'''
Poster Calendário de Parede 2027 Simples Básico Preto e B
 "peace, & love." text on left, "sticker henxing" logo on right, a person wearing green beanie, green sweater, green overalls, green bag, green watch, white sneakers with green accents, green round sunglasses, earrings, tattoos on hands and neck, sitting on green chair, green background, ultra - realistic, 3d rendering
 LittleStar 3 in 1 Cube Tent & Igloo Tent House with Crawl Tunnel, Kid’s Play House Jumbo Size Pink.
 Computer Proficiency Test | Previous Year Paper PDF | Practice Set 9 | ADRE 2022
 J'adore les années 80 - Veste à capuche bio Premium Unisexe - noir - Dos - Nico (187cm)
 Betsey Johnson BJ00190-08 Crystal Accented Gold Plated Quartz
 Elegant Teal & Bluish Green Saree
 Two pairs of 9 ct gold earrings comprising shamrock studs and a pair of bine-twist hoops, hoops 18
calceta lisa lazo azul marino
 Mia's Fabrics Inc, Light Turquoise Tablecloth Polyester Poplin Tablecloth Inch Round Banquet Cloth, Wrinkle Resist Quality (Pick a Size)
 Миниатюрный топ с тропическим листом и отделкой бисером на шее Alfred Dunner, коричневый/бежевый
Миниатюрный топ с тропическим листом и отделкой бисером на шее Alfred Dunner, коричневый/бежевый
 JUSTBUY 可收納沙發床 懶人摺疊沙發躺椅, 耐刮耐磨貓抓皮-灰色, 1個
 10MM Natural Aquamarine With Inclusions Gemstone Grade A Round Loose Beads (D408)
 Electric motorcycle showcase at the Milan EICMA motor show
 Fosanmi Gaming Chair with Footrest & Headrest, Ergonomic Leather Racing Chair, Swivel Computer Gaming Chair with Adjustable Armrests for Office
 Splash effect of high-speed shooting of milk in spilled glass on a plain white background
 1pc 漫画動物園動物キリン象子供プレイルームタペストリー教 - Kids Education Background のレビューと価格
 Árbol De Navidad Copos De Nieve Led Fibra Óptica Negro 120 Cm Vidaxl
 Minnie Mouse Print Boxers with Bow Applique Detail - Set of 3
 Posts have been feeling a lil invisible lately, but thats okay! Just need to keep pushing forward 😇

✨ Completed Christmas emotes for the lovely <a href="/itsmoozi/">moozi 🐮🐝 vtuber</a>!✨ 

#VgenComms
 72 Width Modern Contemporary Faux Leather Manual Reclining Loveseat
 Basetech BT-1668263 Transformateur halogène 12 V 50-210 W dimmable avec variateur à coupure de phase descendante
'''
The entries above, copied exactly, form the whole answer.

Poster Calendário de Parede 2027 Simples Básico Preto e B
 "peace, & love." text on left, "sticker henxing" logo on right, a person wearing green beanie, green sweater, green overalls, green bag, green watch, white sneakers with green accents, green round sunglasses, earrings, tattoos on hands and neck, sitting on green chair, green background, ultra - realistic, 3d rendering
 LittleStar 3 in 1 Cube Tent & Igloo Tent House with Crawl Tunnel, Kid’s Play House Jumbo Size Pink.
 Computer Proficiency Test | Previous Year Paper PDF | Practice Set 9 | ADRE 2022
 J'adore les années 80 - Veste à capuche bio Premium Unisexe - noir - Dos - Nico (187cm)
 Betsey Johnson BJ00190-08 Crystal Accented Gold Plated Quartz
 Elegant Teal & Bluish Green Saree
 Two pairs of 9 ct gold earrings comprising shamrock studs and a pair of bine-twist hoops, hoops 18
calceta lisa lazo azul marino
 Mia's Fabrics Inc, Light Turquoise Tablecloth Polyester Poplin Tablecloth Inch Round Banquet Cloth, Wrinkle Resist Quality (Pick a Size)
 Миниатюрный топ с тропическим листом и отделкой бисером на шее Alfred Dunner, коричневый/бежевый
Миниатюрный топ с тропическим листом и отделкой бисером на шее Alfred Dunner, коричневый/бежевый
 JUSTBUY 可收納沙發床 懶人摺疊沙發躺椅, 耐刮耐磨貓抓皮-灰色, 1個
 10MM Natural Aquamarine With Inclusions Gemstone Grade A Round Loose Beads (D408)
 Electric motorcycle showcase at the Milan EICMA motor show
 Fosanmi Gaming Chair with Footrest & Headrest, Ergonomic Leather Racing Chair, Swivel Computer Gaming Chair with Adjustable Armrests for Office
 Splash effect of high-speed shooting of milk in spilled glass on a plain white background
 1pc 漫画動物園動物キリン象子供プレイルームタペストリー教 - Kids Education Background のレビューと価格
 Árbol De Navidad Copos De Nieve Led Fibra Óptica Negro 120 Cm Vidaxl
 Minnie Mouse Print Boxers with Bow Applique Detail - Set of 3
 Posts have been feeling a lil invisible lately, but thats okay! Just need to keep pushing forward 😇

✨ Completed Christmas emotes for the lovely <a href="/itsmoozi/">moozi 🐮🐝 vtuber</a>!✨ 

#VgenComms
 72 Width Modern Contemporary Faux Leather Manual Reclining Loveseat
 Basetech BT-1668263 Transformateur halogène 12 V 50-210 W dimmable avec variateur à coupure de phase descendante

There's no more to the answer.